Can you put the actual traceback here?
But I think the problem is that you are, perhaps, giving pvtrace the trimesh mesh object. You will need to wrap the actual trimesh polygon object with using pvtrace's Mesh class (https://github.com/danieljfarrell/pvtrace/blob/master/pvtrace/geometry/mesh.py). This implement the Geometry protocol so that pvtrace and query the geometry object.
So rather than
LSC((polygon, 1.0))
try,
LSC((Mesh(polygon), 1.0))
No problem at all, I'll past the traceback here below:
AttributeError Traceback (most recent call last)
Input In [7], in <cell line: 2>()
1 lsc = LSC((polygon, 1.0)) # size in cm
----> 2 lsc.show() # open visualiser
3 lsc._renderer.vis.jupyter_cell()
Input In [6], in LSC.show(self, wireframe, baubles, bauble_radius, world_segment, short_length, open_browser)
299 def show(
300 self,
301 wireframe=True,
(...)
306 open_browser=False,
307 ):
309 if bauble_radius is None:
--> 310 bauble_radius = np.min(self.size) * 0.05
312 if short_length is None:
313 short_length = np.min(self.size) * 0.1
AttributeError: 'LSC' object has no attribute 'size'
And if you change line 1 to be
LSC((Mesh(polygon), 1.0))
Then it gives this:
---------------------------------------------------------------------------
AttributeError Traceback (most recent call last)
Input In [8], in <cell line: 1>()
----> 1 lsc = LSC((Mesh(polygon), 1.0)) # size in cm
2 lsc.show() # open visualiser
3 lsc._renderer.vis.jupyter_cell()
File ~\miniconda3\envs\pvtrace-env\lib\site-packages\pvtrace\geometry\mesh.py:17, in Mesh.__init__(self, trimesh, material)
15 def __init__(self, trimesh, material=None):
16 super(Mesh, self).__init__()
---> 17 trimesh.vertices -= trimesh.center_mass
18 self.trimesh = trimesh
19 self._material = material
AttributeError: 'Polygon' object has no attribute 'vertices'
Edit: I also tried this input:
lsc = LSC(Mesh(trimesh=trimesh.creation.extrude_polygon(polygon, 1.0))) # size in cm
lsc.show() # open visualiser
lsc._renderer.vis.jupyter_cell()
Which gave the traceback:
---------------------------------------------------------------------------
AttributeError Traceback (most recent call last)

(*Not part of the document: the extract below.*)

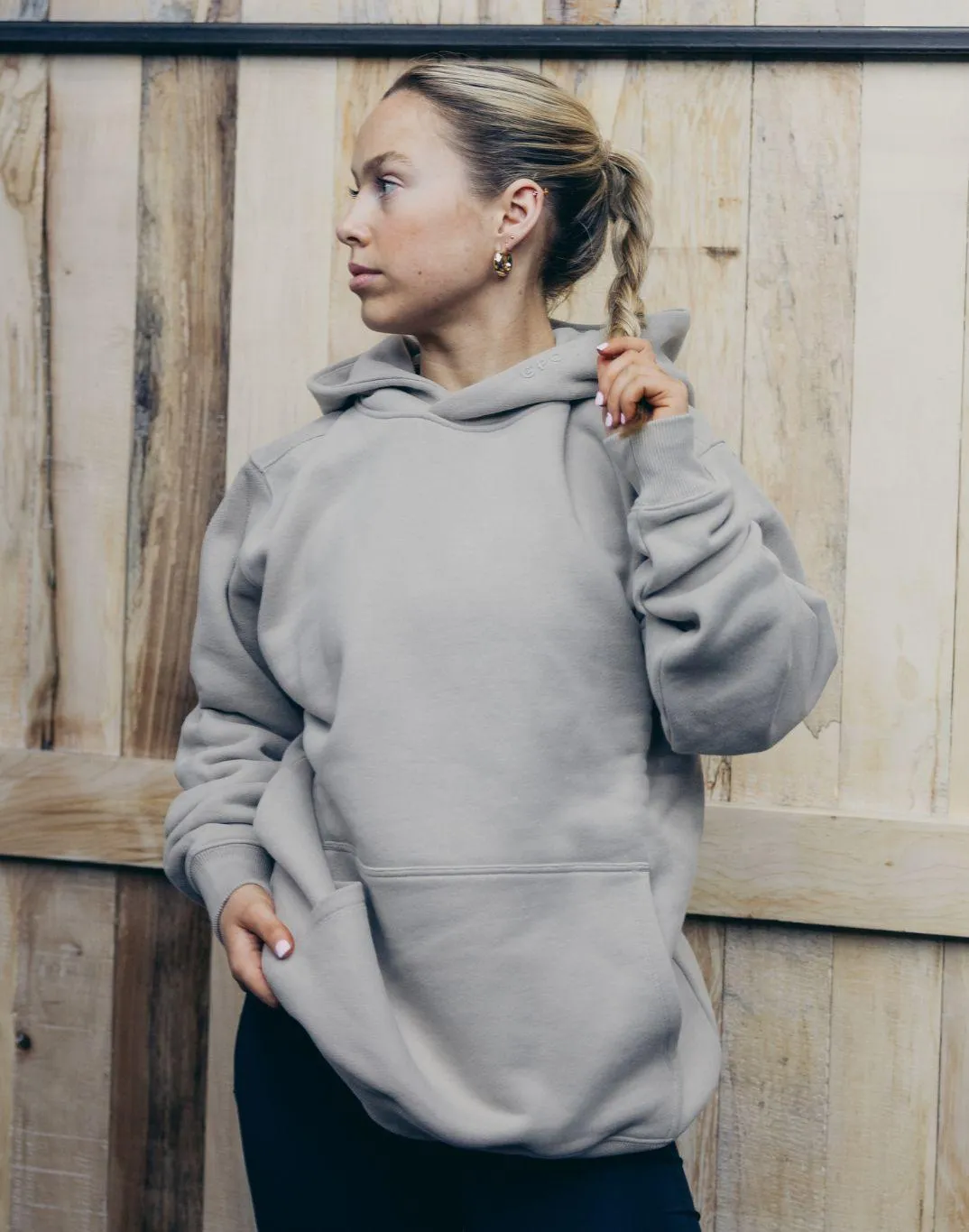 The Oversized Pullover Hoodie in Ashwood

Input In [11], in <cell line: 2>()
1 lsc = LSC(Mesh(trimesh=trimesh.creation.extrude_polygon(polygon, 1.0))) # size in cm
----> 2 lsc.show() # open visualiser
3 lsc._renderer.vis.jupyter_cell()
Input In [6], in LSC.show(self, wireframe, baubles, bauble_radius, world_segment, short_length, open_browser)
299 def show(
300 self,
301 wireframe=True,
(...)
306 open_browser=False,
307 ):
309 if bauble_radius is None:
--> 310 bauble_radius = np.min(self.size) * 0.05
312 if short_length is None:
313 short_length = np.min(self.size) * 0.1
AttributeError: 'LSC' object has no attribute 'size'
What's the type of the polygon
?
type(polygon)
It should be a trimesh.Trimesh
or subclass.
It says shapely.geometry.polygon.Polygon
🤔 try and convert that to a trimesh.Trimesh object and it "should just work".

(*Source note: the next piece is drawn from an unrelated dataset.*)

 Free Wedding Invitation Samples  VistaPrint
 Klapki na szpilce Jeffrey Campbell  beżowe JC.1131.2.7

No bother, I'll give that a go and let you know how I get on! Should I keep using the LSC.py I updated and removed the 'size' parameters, or would I be best to revert back to your original LSC.py script?
Hi Daniel,
Just to give you an update I tried a new approach and it seems to be coming together! Updated the LSC node script to be
# Create LSC node
polygon = Polygon([[0, 0], [(w/2), l], [w, 0]])
lsc = Node(
name="LSC",
geometry=Mesh(
trimesh=trimesh.creation.extrude_polygon(polygon, d),
material=Material(
refractive_index=self.n1,
components=components,
surface=Surface(delegate=OptionalMirrorAndSolarCell(self)),
),
),
parent=world,
)
I've pasted what appeared in the visualiser after running the new LSC.py script
.
Oh looks like it's doing something. Think you solved the initial problem. Nice!
After updating the air gap to be triangular as well, the visualiser worked however the report gave a new traceback error:
GeometryError Traceback (most recent call last)

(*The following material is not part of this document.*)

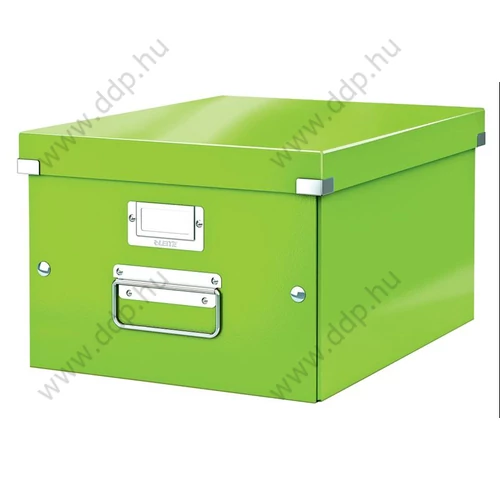 Tárolódoboz LEITZ CLICK-N-STORE A4 méretű zöld -60440064-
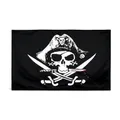 JOHNIN-Tête de Mort et Croix de 90x150cm Sabres Croisés Épées de Jolly Roger 7 5 Fréquence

Input In [20], in <cell line: 754>()
751 lsc.report()
754 if __name__ == "__main__":
--> 755 test2()
Input In [20], in test2()
748 lsc.show()
749 throw = 300
--> 750 lsc.simulate(throw, emit_method="redshift")
751 lsc.report()
Input In [20], in LSC.simulate(self, n, progress, emit_method)
350 count = 0
351 for ray in scene.emit(n):
--> 352 history = photon_tracer.follow(scene, ray, emit_method=emit_method)
353 rays, events = zip(*history)
354 store["entrance_rays"].append((rays[1], events[1]))
File ~\miniconda3\envs\pvtrace-env\lib\site-packages\pvtrace\algorithm\photon_tracer.py:194, in follow(scene, ray, maxsteps, maxpathlength, emit_method)
192 ray = ray.representation(scene.root, hit)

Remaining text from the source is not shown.